- _What is expected_
Only one stretch of the data is wanted: the line containing "Load image into", the line containing "DIOR Fashion Comfortable", and every line between them, copied exactly.

- _Material shown_
+--
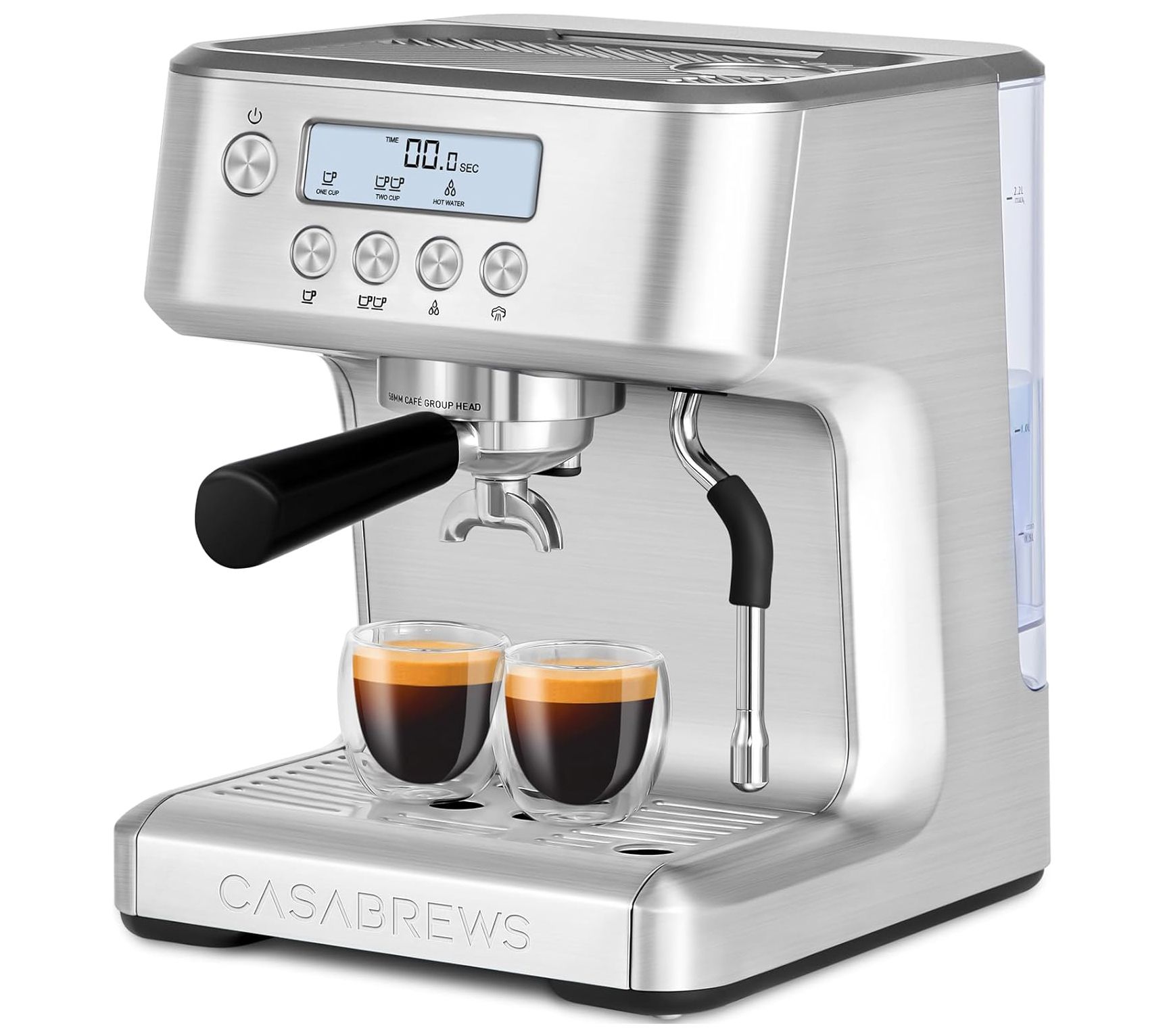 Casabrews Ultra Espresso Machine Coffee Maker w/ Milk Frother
+--
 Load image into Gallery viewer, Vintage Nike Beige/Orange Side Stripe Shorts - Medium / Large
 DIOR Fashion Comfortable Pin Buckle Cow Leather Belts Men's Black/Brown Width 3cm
+--
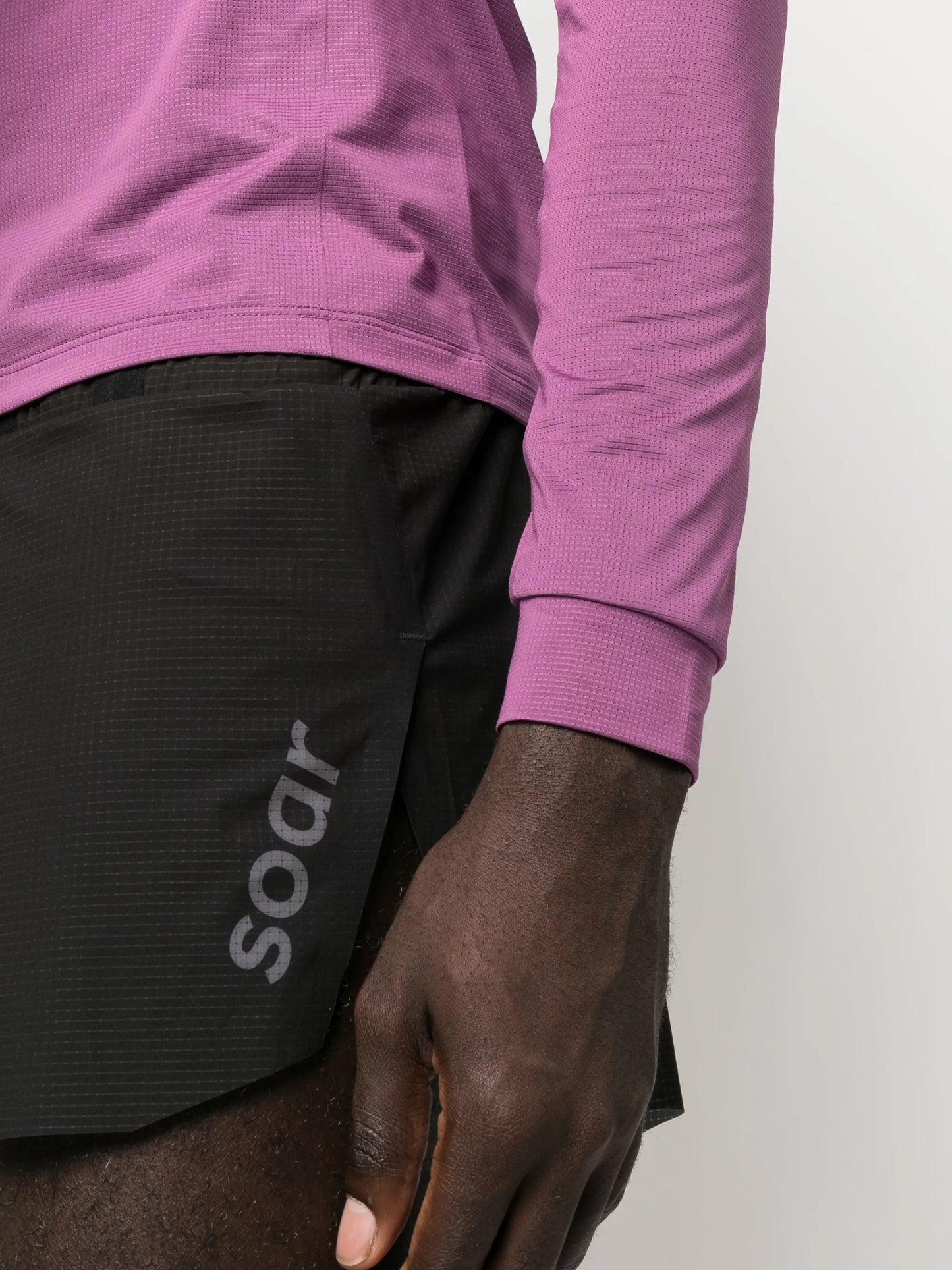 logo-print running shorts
+--
- _Finished exercise_
 Load image into Gallery viewer, Vintage Nike Beige/Orange Side Stripe Shorts - Medium / Large
 DIOR Fashion Comfortable Pin Buckle Cow Leather Belts Men's Black/Brown Width 3cm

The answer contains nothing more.